V4/OTP Replay Prevention
- 1 Overview
- 2 TOTP Replay
- 3 Local Replay
- 4 Replication Counter Decrement
- 5 Replication Counter Race
When deploying a 2FA solution using OTPs, it is important to ensure that OTPs are indeed One-Time Passwords. This means some effort needs to be taken to ensure that replay attacks cannot be successful. In an independently replicated environment such as LDAP, this is difficult and may even be logically impossible. It is thus important to mitigate this risk as much as possible while clearly defining any weaknesses in such a system.
TOTP allows replays within a certain window from the current time (and token time offset).
We will implement a watermark system which records that last interval used. The OTP validation system will not permit token windows to be used if they are equal to or less than the watermark. Similar to the HOTP counter, this watermark will be replicated to other systems. If only a local watermark is desired (preventing replays on a single server, but not globally), replication of this attribute can be disabled.
Resolved: Ticket #4410
It is possible to simultaneously execute multiple authentications against a server. This may cause race conditions with the HOTP counter or (less likely) the TOTP watermark. It may also permit a rapid replay attack.
The OTP validation code should lock the token's LDAP entry during authentication. In order to avoid making it easy to cause a DoS attack on the server, if the aforementioned lock cannot be acquired within a (very) short period, the authentication request should be denied.
Resolved: Ticket #4493
Replication Counter Decrement
It is theoretically possible that an unknown, system-wide race condition might cause an HOTP counter or TOTP watermark to move backwards. This would permit tokens to be reused.
Develop a 389 DS plugin which, upon receiving a replication request for an HOTP counter or TOTP watermark, evaluates the current value against the replication value. If the replication value is less than the local value, the replication request should be discarded.
NOTE: this is a defensive measure against unknown race conditions. The race conditions should still be addressed directly when discovered.
NOTE: this plugin may provide additional benefit if using the synchronous synchronization fix mentioned below.
Resolved: Ticket #4494
Replication Counter Race
Assuming all local server race conditions are prevented, there is still the system-wide replication race condition where a user can log in to two servers simultaneously. This is due to the fact that replication is asynchronous and takes an unknown period of time. During this replication period, the counter/watermark values will differ on different servers, permitting the reuse of an OTP code.
This is a difficult problem to solve. Below is a list of designs which may eliminate or greatly mitigate the problem.
Expand the replication system to permit some attributes to be defined as priority replication. This would ensure that when a remote system receives a priority replication request, it is processed before any other requests.
- Total system replication load is high due to frequent counter/watermark replication.
- While this would help decrease the rise in replication time during conditions of heavy load, it would not eliminate simultaneous multi-server authentication.
In this fix, we do not permit authentication unless the state can be consistent across the cluster. This is done by disabling replication on the counter/watermark and performing synchronization manually using the following procedure.

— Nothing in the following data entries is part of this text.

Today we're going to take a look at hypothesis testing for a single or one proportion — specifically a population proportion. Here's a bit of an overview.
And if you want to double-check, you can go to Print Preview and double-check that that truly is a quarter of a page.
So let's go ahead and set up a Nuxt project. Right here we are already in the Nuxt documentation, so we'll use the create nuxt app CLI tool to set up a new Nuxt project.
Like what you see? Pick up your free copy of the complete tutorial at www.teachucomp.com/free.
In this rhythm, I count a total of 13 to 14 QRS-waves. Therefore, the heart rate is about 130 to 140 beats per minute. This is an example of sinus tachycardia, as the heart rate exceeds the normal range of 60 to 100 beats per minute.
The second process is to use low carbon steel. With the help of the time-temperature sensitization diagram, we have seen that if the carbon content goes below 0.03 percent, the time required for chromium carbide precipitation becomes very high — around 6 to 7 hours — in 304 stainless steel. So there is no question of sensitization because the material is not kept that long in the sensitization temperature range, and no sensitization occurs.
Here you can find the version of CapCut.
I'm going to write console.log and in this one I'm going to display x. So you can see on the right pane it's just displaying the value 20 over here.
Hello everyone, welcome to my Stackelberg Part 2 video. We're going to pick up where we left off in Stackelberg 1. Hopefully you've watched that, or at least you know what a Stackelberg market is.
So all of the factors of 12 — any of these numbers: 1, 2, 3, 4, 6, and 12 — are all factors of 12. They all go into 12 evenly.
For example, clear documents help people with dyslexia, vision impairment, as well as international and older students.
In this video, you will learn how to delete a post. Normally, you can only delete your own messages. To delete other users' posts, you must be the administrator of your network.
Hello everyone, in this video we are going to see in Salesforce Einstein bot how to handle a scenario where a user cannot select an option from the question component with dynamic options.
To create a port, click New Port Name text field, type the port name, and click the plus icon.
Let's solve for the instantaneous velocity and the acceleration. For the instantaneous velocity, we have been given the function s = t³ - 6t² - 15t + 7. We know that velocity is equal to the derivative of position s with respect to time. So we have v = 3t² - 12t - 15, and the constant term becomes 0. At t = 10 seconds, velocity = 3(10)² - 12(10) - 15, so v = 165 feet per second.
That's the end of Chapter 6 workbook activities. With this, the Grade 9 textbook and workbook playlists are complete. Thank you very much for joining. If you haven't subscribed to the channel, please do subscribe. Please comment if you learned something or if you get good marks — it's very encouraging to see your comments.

When a server receives an authentication request, it attempts to verify the request locally. If this fails, the server will request the counter values for all the user's tokens from all other servers, merging the highest token values to the local store and attempting the verification again. This step ensures cluster consistency. If local verification succeeds, the server will attempt to modify the token counter/watermark value on all remote servers. If this modification fails on any server, the token has been used elsewhere and the server should fail the request. If the remote modifications are successfully applied, the state of the cluster is consistent and the authentication should succeed.
A note about unavailable nodes is necessary. If a node in the cluster is unavailable, quorum should be used to determine if authentication is successful. If quorum fails, the authentication should fail by default (strict mode). There should be an option to disable strict mode. In this case, authentication will succeed when quorum is not present with the caveat that replays may occur. This would handle the case of a split-brain.
Because of the properties of this system, when a server has invalid state, it will gradually come into consistency with the state of the cluster as authentications occur. No replication is needed.
One alternative to this design is to limit the authentication servers to a subset of the total cluster. In cluster with a large number of replicas, this will increase performance.
- Total system replication load is none.
- Longer authentication times.
Dynamic Master Proxying
Add an attribute to each user defining the user's master server. If a bind request is received on the server which is the user's master server, all authentication proceeds as normal. Otherwise, the bind request is proxied to the user's master server. If the master server is unavailable, the slave servers can either reject the request or process it locally based on policy; in the latter case, replays will be possible (within the replication window).
The above design presumes that the master server is manually set and static. In some deployments, this may be desirable. However, based on some currently undefined policy, it should also be possible to transfer the master automatically.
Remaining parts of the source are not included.